# Replacing body mounts - HELP!



## 369GTO (Mar 23, 2010)

Ok....heres what I've got. Please bare with me I know the proper way to do this, large garage, rotisserie separate frame from body...But I have VERY limited space to work on this project basically a one car garage and NO outdoor space available due to local code officials being non-car restoration types... :shutme
The car is a 1969 GTO and I need to replace the body mounts. The entire front clip, motor, trans fuel tank have all been removed and are being rebuilt, replaced clean up etc in another location. I need to replace the body mounts. Give me some suggestions on how to do this keeping in mind the limited space and having to stay in the confines of my one car garage. I have about 8 feet on all side of the car available to work and a 10 feet ceiling. Thanks guys :willy:


----------



## 68greengoat (Sep 15, 2005)

I did it with everything in my car, so yours should be a breeze. Loosen up all body mounts, don't forget the core support. Put a floor jack under one side of the body with a 2x6 to spread the weight as not to damage the floor panels. Jack up the body enough to slip out the old and replace with a new bushing. Take one bolt and bushing out at a time and replace with the new hardware b/4 moving to the next. Just get the new bolt started by hand. Don't tighten them down until all the new hardware is in on both sides. Do one side at a time. Once you finsih one side, the second side will go twice as fast. It's really pretty easy and not near as hard as you may have been told...


----------



## 369GTO (Mar 23, 2010)

*body mounts*

Thanks so much for the quick reply. Pardon me but explain "core support" reference? Also, could I take that one step further and raise the car on the 2 x 6's up abit and support with the wood so I could give the frame a clean up and quick epoxy painting?


----------



## chevyboy91188 (Oct 31, 2009)

I don't see why you couldnt, my car is only held up with some 2x6's and and some 4x4's check out my cradle you'll see that it doesn't take too much to hold the car up, just make sure it is stable and support probably put a support (not fully weight bearing) under the core support so nothing up there bends you should be fine


----------



## 369GTO (Mar 23, 2010)

*body mounts*

Thanks man I checked out your pics and they were a big help. What is the core support? Forgive my ignorance!


----------



## Too Many Projects (Nov 15, 2008)

The core support is what the radiator bolts to and the fenders, battery tray, etc. If the WHOLE front clip is off, the support is probably already off the frame.
If you had 2 4X4's a couple feet longer than the body is wide, you could put them on jack stands and roll the chassis out from under the body to facilitate cleaning and painting. You may need to remove the rear tires and hold the drums on with a couple nuts and let it roll on the drums to get enough clearance.


----------



## 369GTO (Mar 23, 2010)

*core*

Thats what I thought..The front clip is off so the radiator support is off as is the entire nose. Would you just recommend three braces on the body front middle and rear? I should have also said its a convertible????? Doors are on.


----------



## Too Many Projects (Nov 15, 2008)

369GTO said:


> Thats what I thought..The front clip is off so the radiator support is off as is the entire nose. Would you just recommend three braces on the body front middle and rear? I should have also said its a convertible????? Doors are on.
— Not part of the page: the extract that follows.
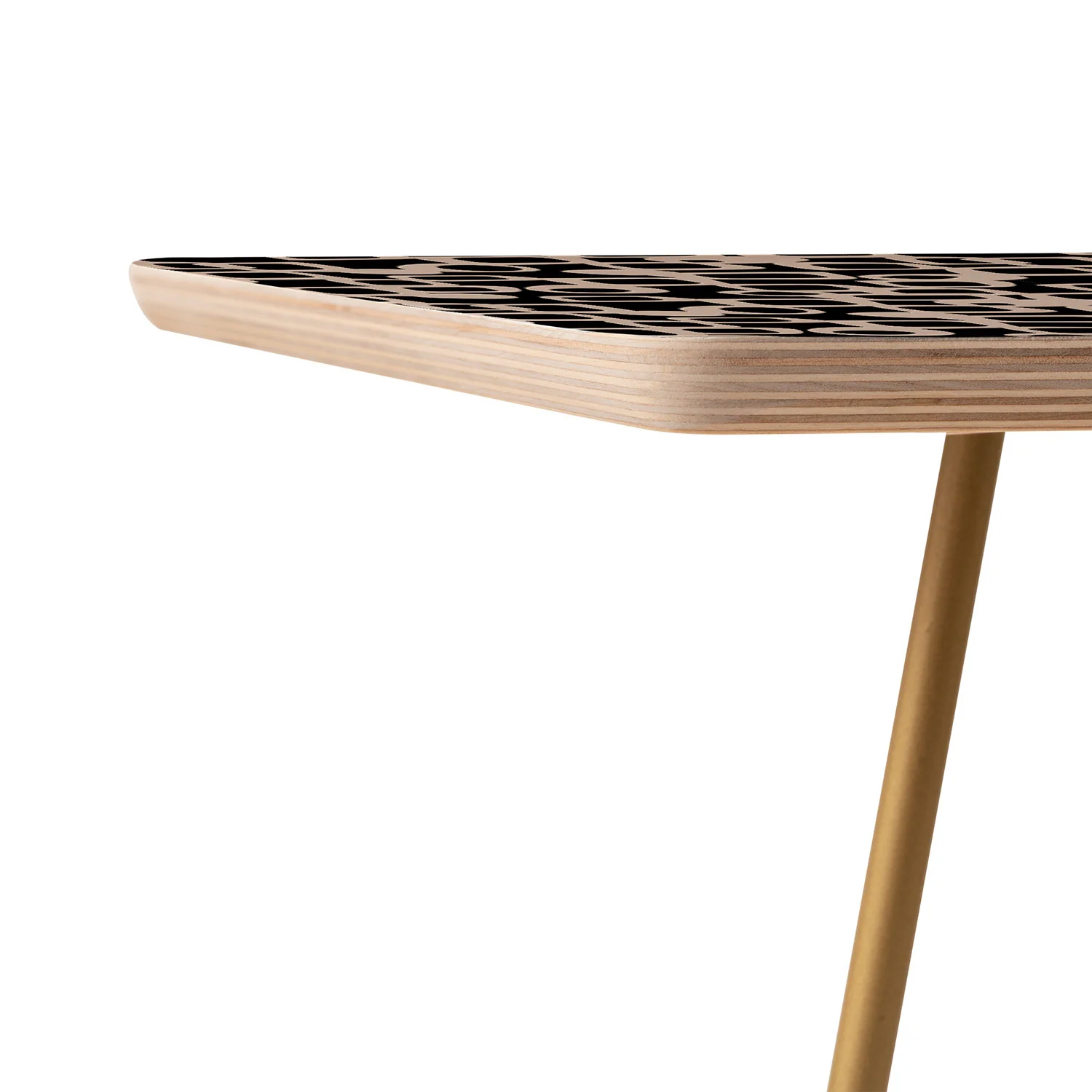 Mirimo Ariadne Side Table - Image 5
See my previous reply, I added more content. 2 should be good.


----------



## 369GTO (Mar 23, 2010)

*body mounts*

Thank you for the advice!


----------



## 05GTO (Oct 6, 2004)

Also, be careful when removing the bolts, if they are hard to remove use a lubricant like wd-40 or liquid wrench. The nuts are mounted inside the body supports and if they break loose you'll have to cut the bolt, remove the brace, fix the nut and re-weld the brace back onto the body. 

Post some pictures if you can,


----------



## 68greengoat (Sep 15, 2005)

369GTO said:


> Thanks so much for the quick reply. Pardon me but explain "core support" reference? Also, could I take that one step further and raise the car on the 2 x 6's up abit and support with the wood so I could give the frame a clean up and quick epoxy painting?


Looks Like you've been given a bunch of sound advice. By all means, now is the time to cleanup the frame. Just follow Too Many Projects process and you'll be good to go.... As mentioned, post up some pics..........


----------